Kenya’s Lamu Port Corridor proposal, part of "Vision 2030", would be Kenya’s biggest ever civil engineering project. It would build a pipeline to deliver oil from South Sudan to a new refinery near Lamu on the coast, build facilities to ship the oil from a giant tanker terminal, lay more than 1700km of new highways and railways to South Sudan and Ethiopia, and build three new airports and tourist resorts in Lamu, Isiolo and at Lake Turkana.

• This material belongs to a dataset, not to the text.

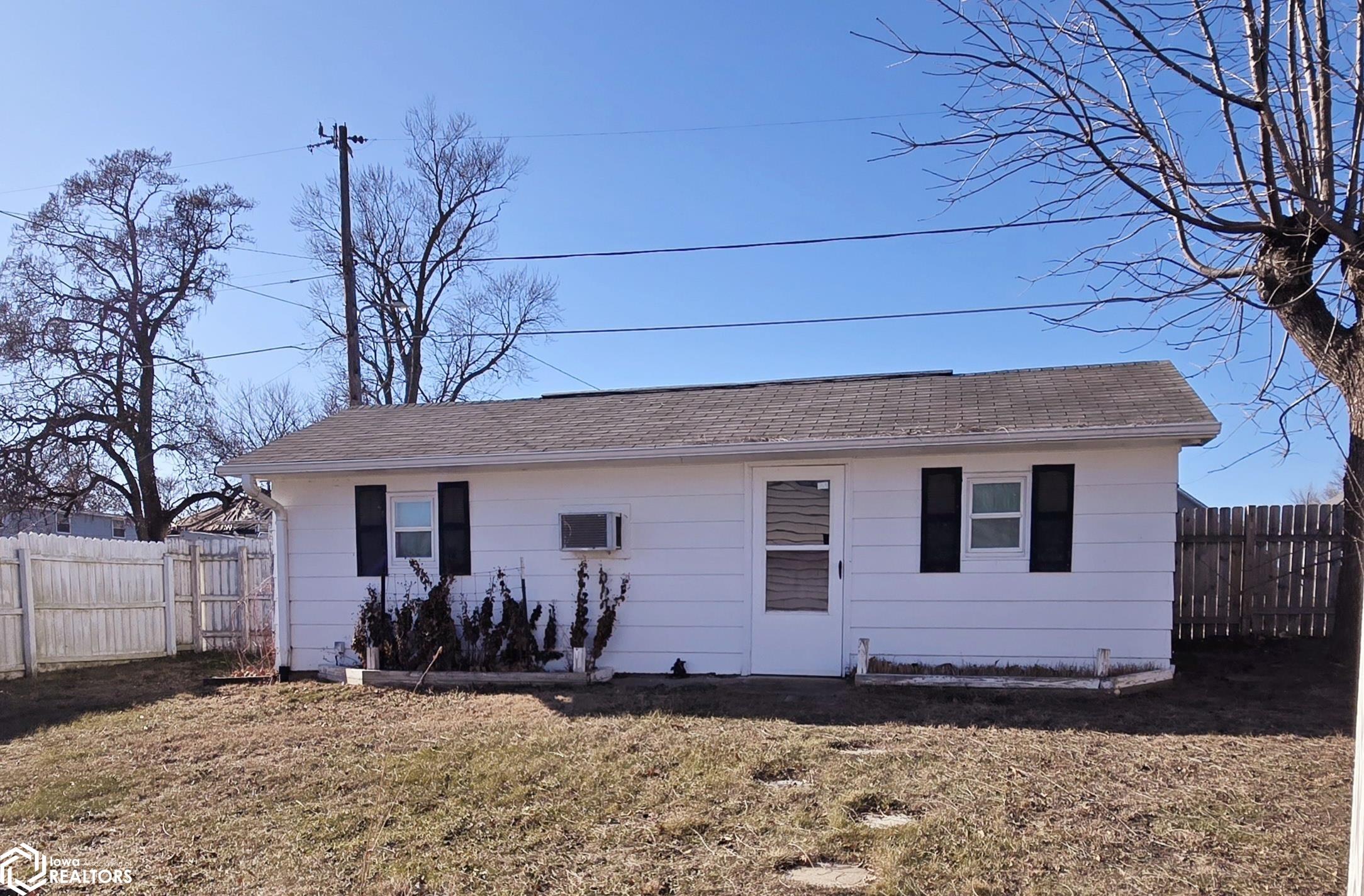 1435 33rd Street, Fort Madison, Iowa image 23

The consultancy project alone – with Japan Port Consultants – will cost the Kenya treasury more than $20 million. The padding out of the price tag with unnecessary and highly paid staff has been the subject of an investigation by Jaindi Kisero at the Daily Nation. As Jaindi points out, there is no mention of the Lamu Port Corridor consultancy on Japan Port Consultants’ website, though JPC does profile their agreement on a Mombasa port consultancy (use the Google Chrome browser for in-page translation). It's also curious that consultancy work on a massive road, rail, airport and hotel-building project has been commissioned to a consultancy specialising in harbours and shipping.

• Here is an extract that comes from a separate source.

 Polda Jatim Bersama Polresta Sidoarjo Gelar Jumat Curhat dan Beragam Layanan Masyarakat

Map © Daily Nation, July 23, 2011
To me, the Lamu Port Corridor plans look like pure fantasy. This “construction time-line” from the Ministry of Transport, with the building of facilities stretching ahead for decades, is a meaningless graphic, and doesn’t even include the transport and resort infrastructure.
Peter Moore of Wanderlust Magazine recently interviewed me about the project for Wanderlust's Endangered Destinations 2011:
What are the proposed benefits of the Lamu Port Corridor?
The main benefits would be the economic development of northern Coast Province and the districts of northern Kenya through which the pipeline and railway route would pass. A secondary benefit would be to create a strategic communications route through north-east Kenya, a region currently exposed to the dangers of Somalia’s ongoing disintegration and lawlessness.
What impact would it have on Lamu?
Most dramatically, there would be a huge influx of migrant labourers from other parts of Kenya.
Lamu town would become a service and transport hub. A bridge to the mainland and a fast highway to Malindi would be likely to follow, which would bring roads, vehicles and building development onto Lamu. This level of infrastructure development is incompatible with Lamu’s status as a Unesco World Heritage site. The town is the best existing example of a Swahili city and preserves a mass of features, through which its origins can be traced to the 14th century or earlier.
Would locals benefit from the development of a port?
In many cases there would be financial benefits in terms of jobs for school-leavers and bigger markets for local businesses. Some locals might also consider closer physical links with the rest of Kenya to be an advantage, emphasising national unity.
What would be the disadvantages as locals might see them?
Rapid, economic development parachuted onto the district would be socially disruptive. Much of the social fabric in Lamu is held together by tradition and family connections and those would be severely challenged by new opportunities and inward migration. Lamu’s attraction as a destination for low-key, getaway cultural tourism would face equally severe challenges which would likely see it morph into a northern version of the international-style hotel development common near Mombasa.
Can the development be stopped or changed?
The consultancy process alone has already cost the Kenya treasury more than Ksh1 billion ($11 million). The normal tender process wasn’t used before the Japanese consultancy was recruited, and massive corruption is being investigated by the media. The treasury has now obtained a 35% discount on the consultancy fees, and payments are currently on hold. Building the facilities and the railway links to South Sudan and Ethiopia would be extremely costly and the project would carry some security risk from local banditry and even Somali jihadists. Even if construction starts, it is quite likely that Ethiopia and South Sudan will have made other export arrangements long before it is completed.
Is a more sustainable, less intrusive option available?
Yes, the full development of Mombasa port and a high-speed rail link to Nairobi and Uganda would be much more cost-effective and would sit on or alongside existing infrastructure. In terms of distance, the Lamu plan has no tangible benefits to exporters based in Juba, Addis Ababa or northern Kenya over this alternative. A new oil pipeline from South Sudan could be routed to Mombasa just as easily as to Lamu.
Who is pushing this through?
Japanese consultants, Chinese and local contractors, and local vested interests. It is said to be “close to President Kibaki’s heart” – or just where his wallet resides, as many Kenyans would say.
How likely is it that the project will go ahead?
The Lamu Port Corridor consultancy is the most expensive feasibility study ever undertaken by the Kenya government. The whole project may yet turn out to have been, either deliberately or through mismanagement, a massive white elephant consultancy project intended to offer the biggest possible private benefit to every party involved without, in the end, delivering a feasible programme for actually carrying out the work.